Quote the data below in full, minus the images.

[Scraped caption text data]

——

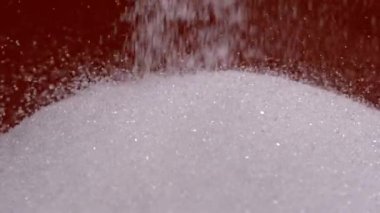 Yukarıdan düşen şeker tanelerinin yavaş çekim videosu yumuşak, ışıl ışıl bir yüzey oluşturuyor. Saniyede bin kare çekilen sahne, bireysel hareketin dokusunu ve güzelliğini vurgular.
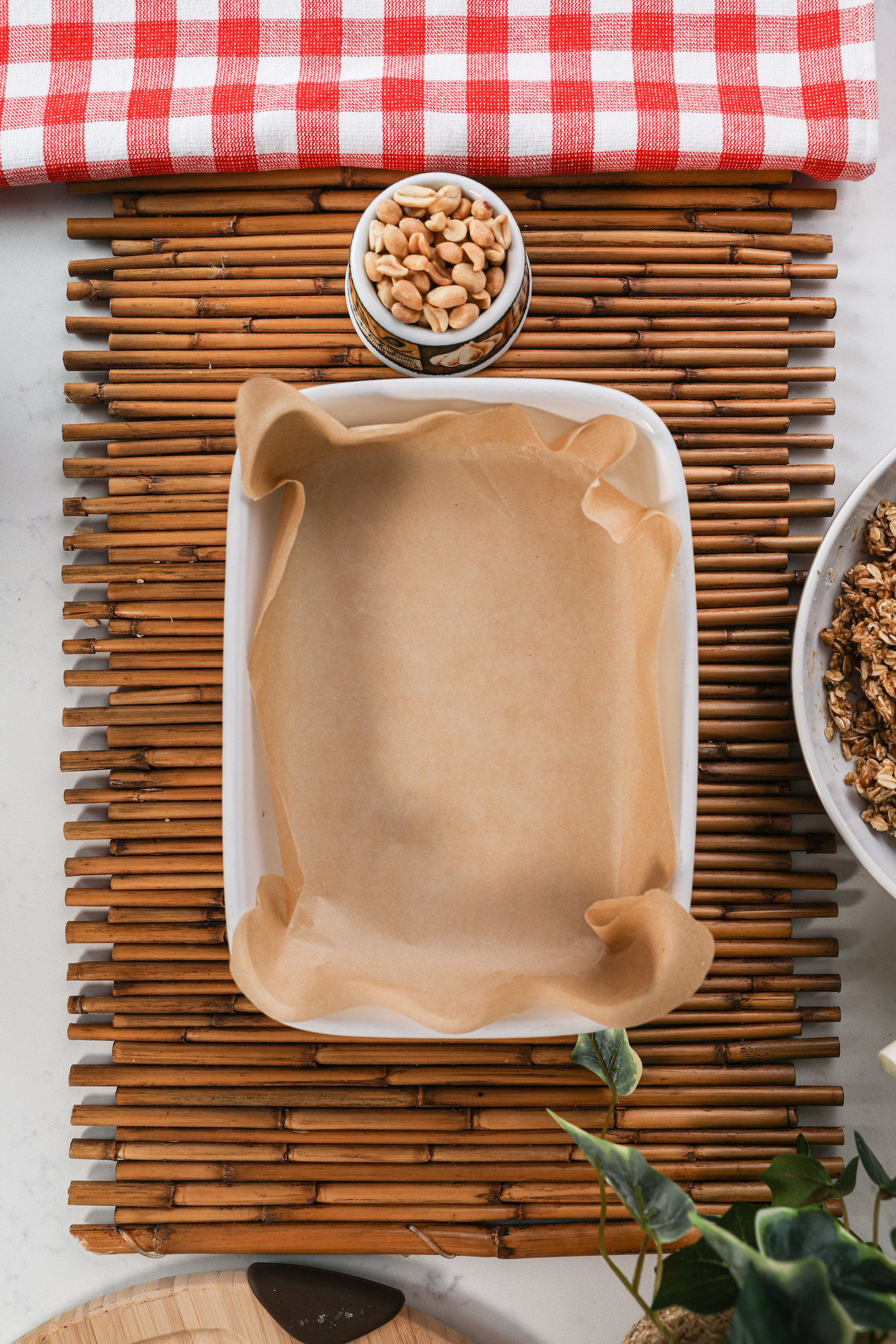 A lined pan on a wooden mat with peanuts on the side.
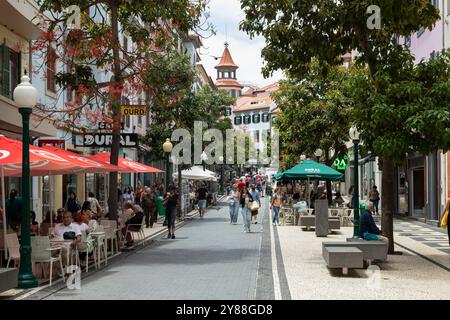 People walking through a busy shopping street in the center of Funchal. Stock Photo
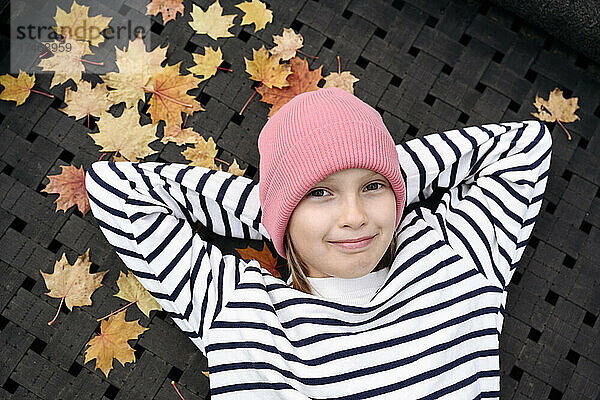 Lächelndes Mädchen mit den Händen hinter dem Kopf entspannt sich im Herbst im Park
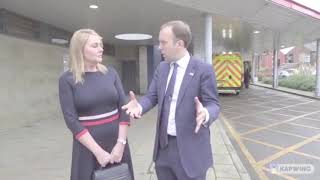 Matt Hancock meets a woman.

——

Result for this task>
 Yukarıdan düşen şeker tanelerinin yavaş çekim videosu yumuşak, ışıl ışıl bir yüzey oluşturuyor. Saniyede bin kare çekilen sahne, bireysel hareketin dokusunu ve güzelliğini vurgular.
 A lined pan on a wooden mat with peanuts on the side.
 People walking through a busy shopping street in the center of Funchal. Stock Photo
 Lächelndes Mädchen mit den Händen hinter dem Kopf entspannt sich im Herbst im Park
 Matt Hancock meets a woman.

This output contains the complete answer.